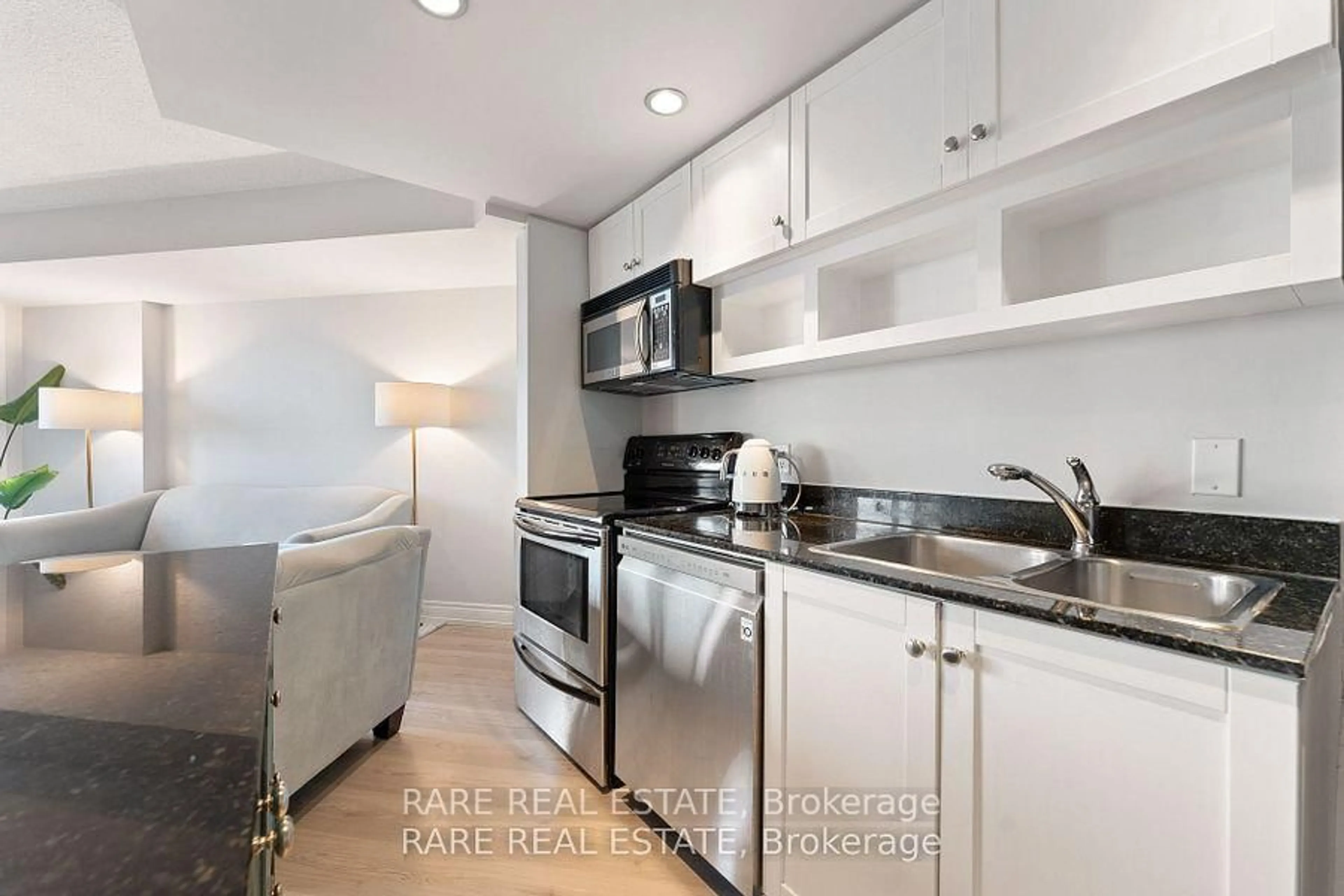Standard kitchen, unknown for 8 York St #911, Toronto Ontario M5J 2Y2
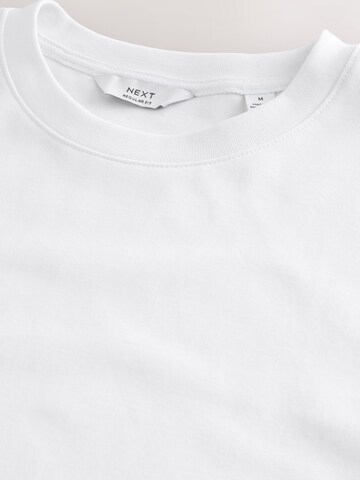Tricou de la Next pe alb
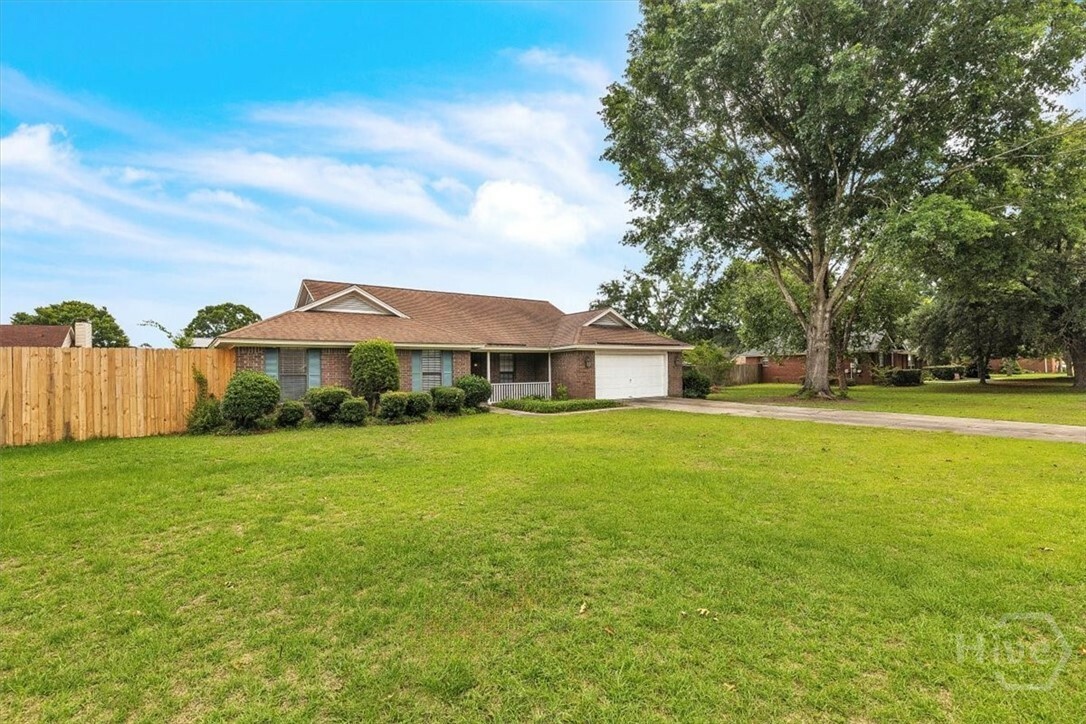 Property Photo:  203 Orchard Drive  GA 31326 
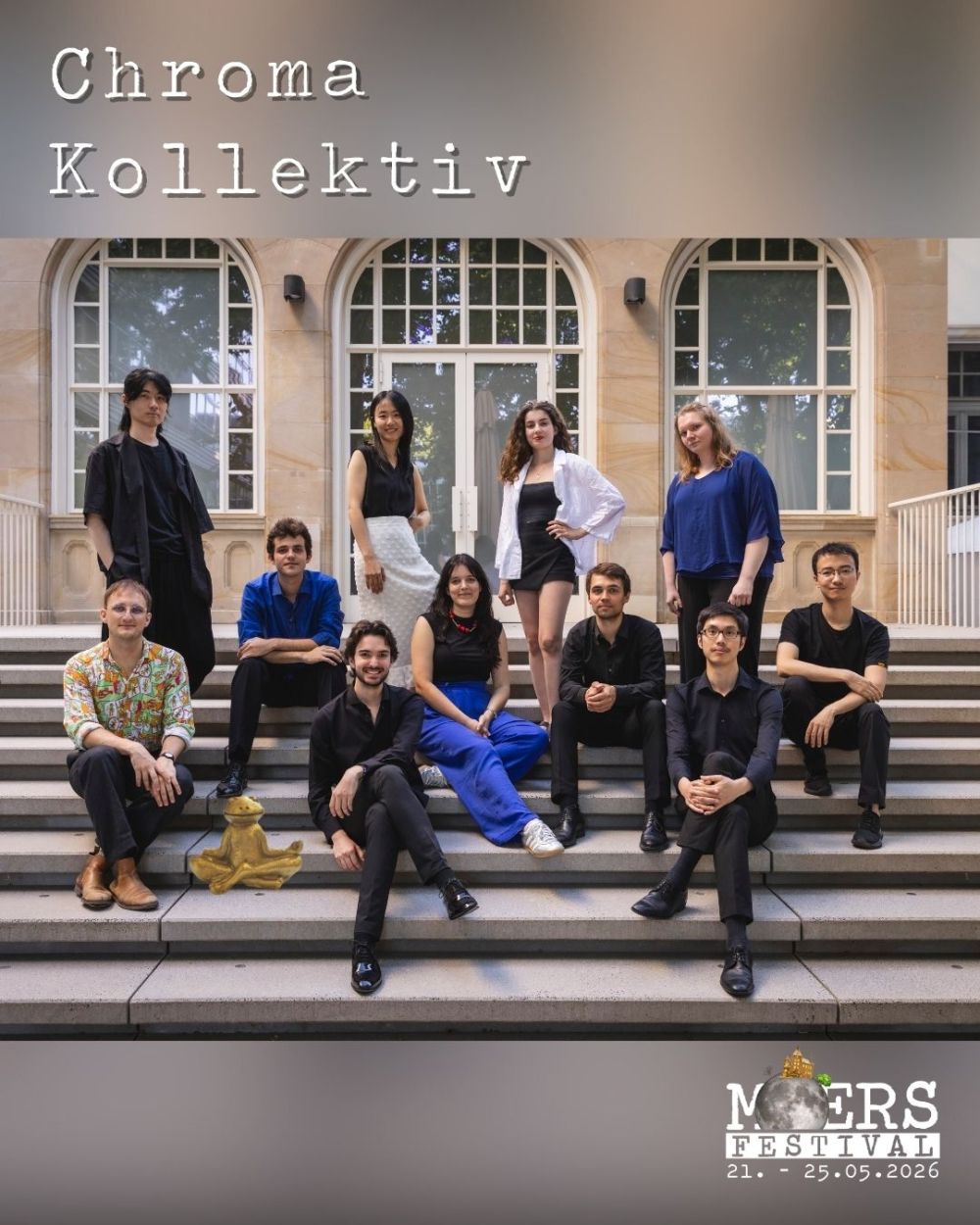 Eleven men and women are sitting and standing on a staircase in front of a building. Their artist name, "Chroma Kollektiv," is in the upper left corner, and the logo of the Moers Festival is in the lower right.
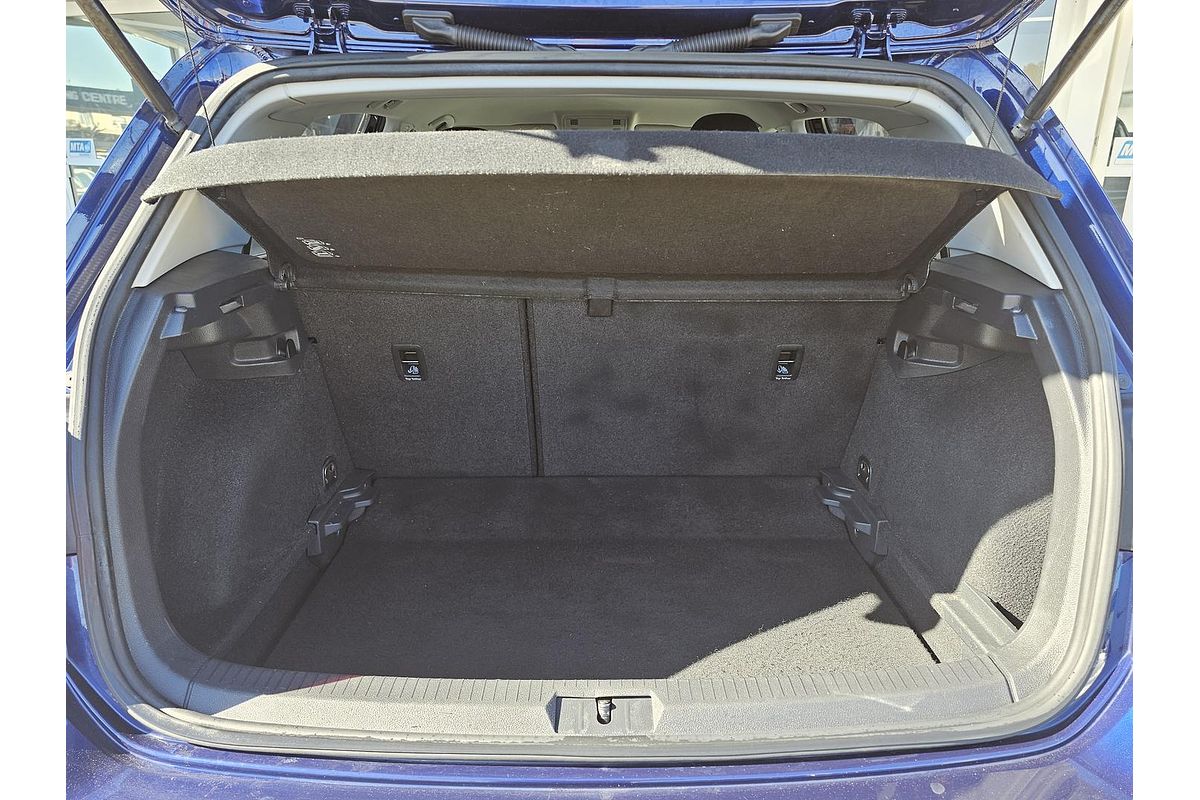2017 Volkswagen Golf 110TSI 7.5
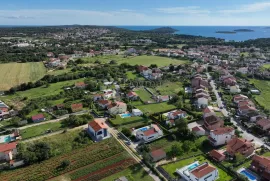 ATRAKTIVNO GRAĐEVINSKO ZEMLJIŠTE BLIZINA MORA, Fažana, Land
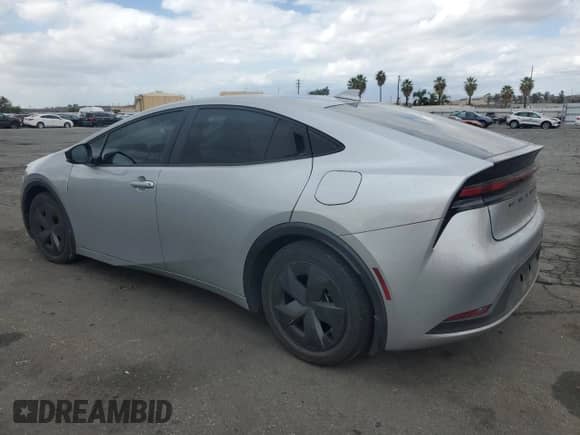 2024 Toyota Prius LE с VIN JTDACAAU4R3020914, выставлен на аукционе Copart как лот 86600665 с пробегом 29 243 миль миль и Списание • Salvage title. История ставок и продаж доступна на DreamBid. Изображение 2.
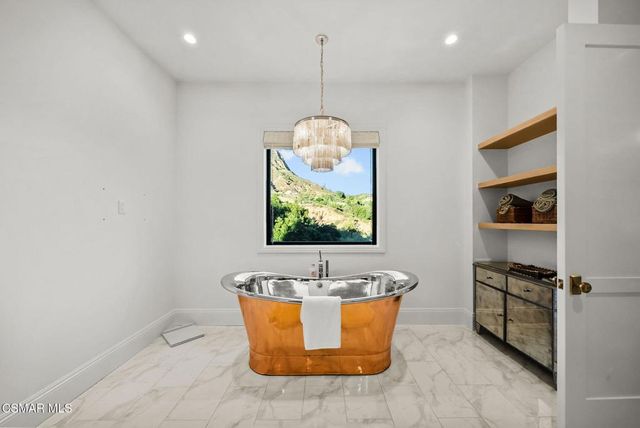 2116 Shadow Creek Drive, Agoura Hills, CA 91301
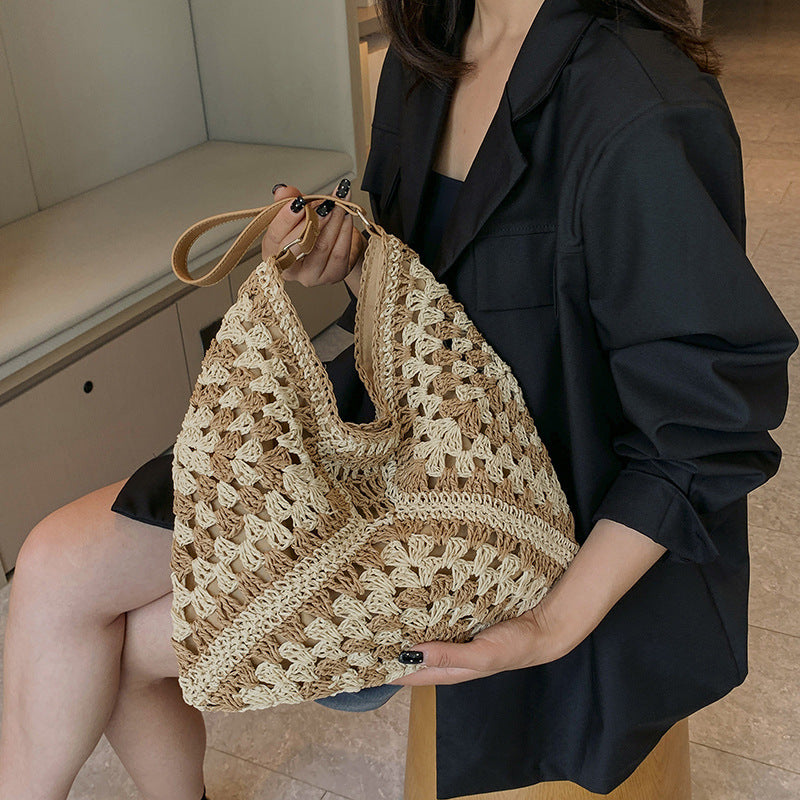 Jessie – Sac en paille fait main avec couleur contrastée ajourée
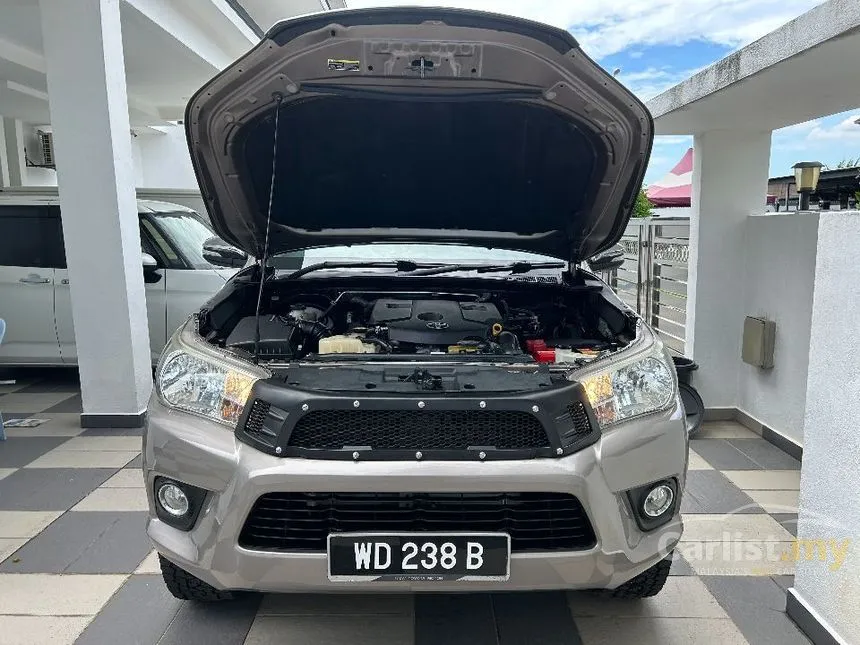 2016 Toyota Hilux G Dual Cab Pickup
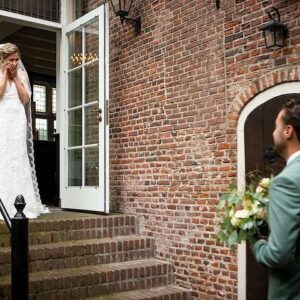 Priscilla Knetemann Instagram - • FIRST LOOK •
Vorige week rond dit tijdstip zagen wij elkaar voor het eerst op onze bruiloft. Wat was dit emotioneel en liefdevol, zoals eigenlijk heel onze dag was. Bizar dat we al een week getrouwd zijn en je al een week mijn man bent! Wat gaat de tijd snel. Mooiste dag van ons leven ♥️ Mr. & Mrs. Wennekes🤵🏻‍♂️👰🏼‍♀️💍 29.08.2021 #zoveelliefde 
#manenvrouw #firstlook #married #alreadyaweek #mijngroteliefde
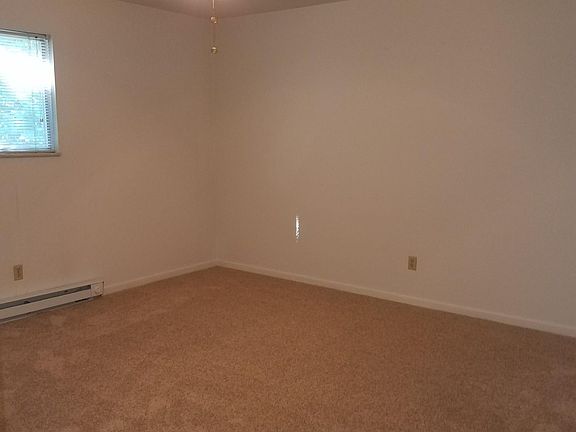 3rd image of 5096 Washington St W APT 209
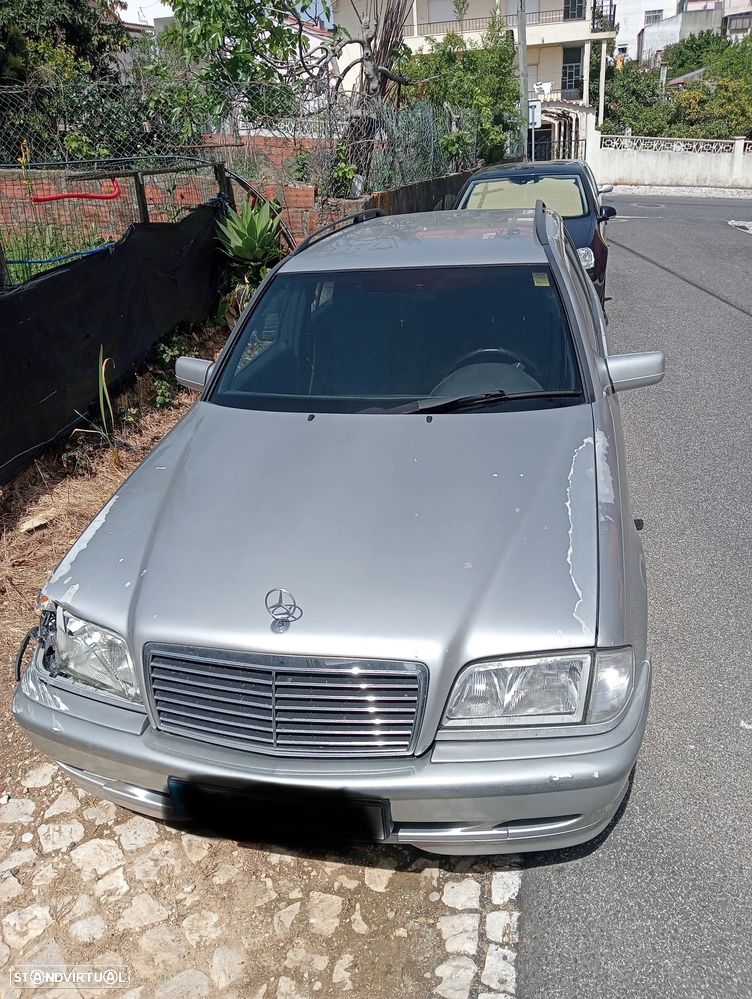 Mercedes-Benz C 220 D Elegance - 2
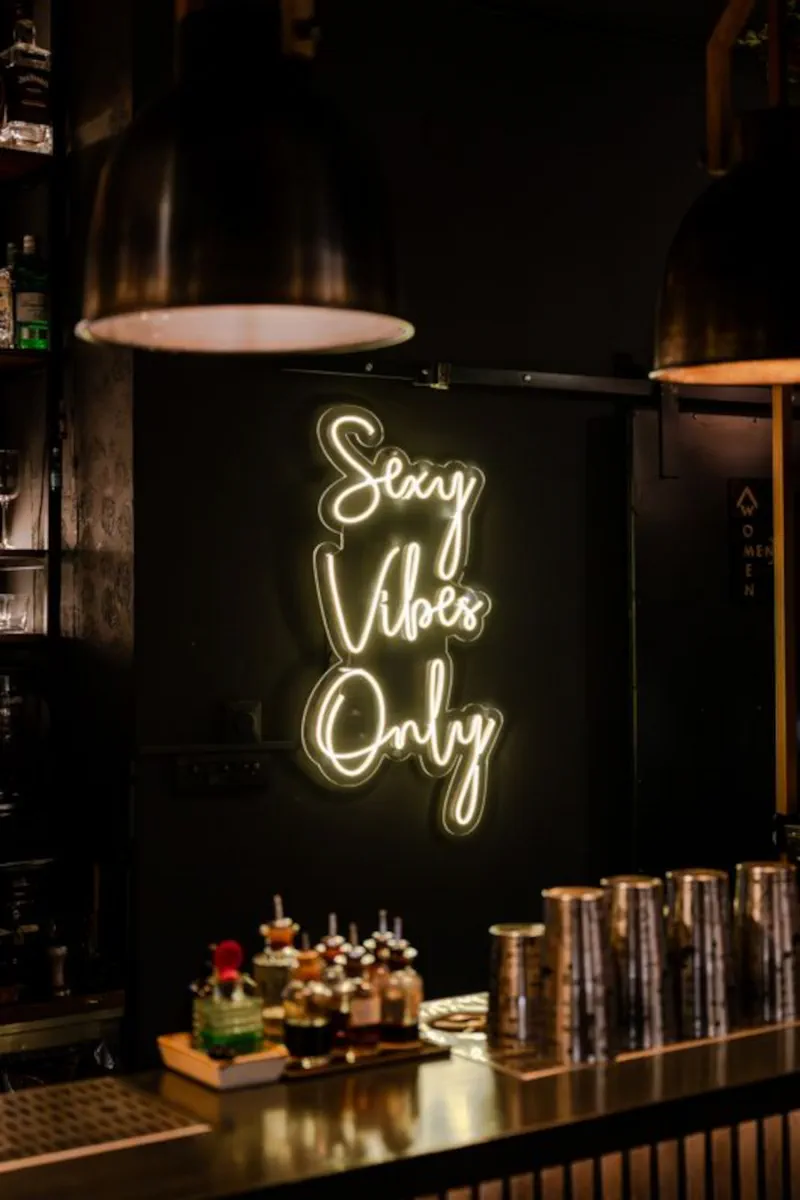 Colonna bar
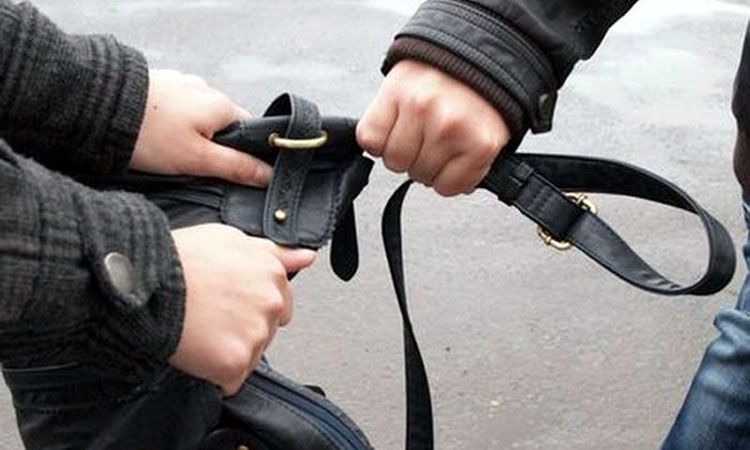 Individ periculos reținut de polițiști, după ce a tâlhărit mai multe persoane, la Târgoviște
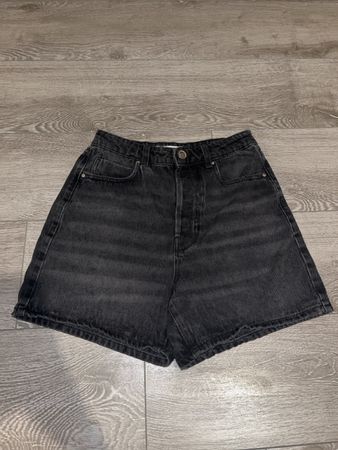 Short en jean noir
• • • •
▸ WHAT IS EXPECTED
Using the listing above, restate exactly the range between the lines holding "Tricou de la Next pe alb" and "ATRAKTIVNO GRAĐEVINSKO ZEMLJIŠTE", inclusive, with pictures left out.

▸ RESPONSE AREA
Tricou de la Next pe alb
 Property Photo:  203 Orchard Drive  GA 31326 
 Eleven men and women are sitting and standing on a staircase in front of a building. Their artist name, "Chroma Kollektiv," is in the upper left corner, and the logo of the Moers Festival is in the lower right.
2017 Volkswagen Golf 110TSI 7.5
 ATRAKTIVNO GRAĐEVINSKO ZEMLJIŠTE BLIZINA MORA, Fažana, Land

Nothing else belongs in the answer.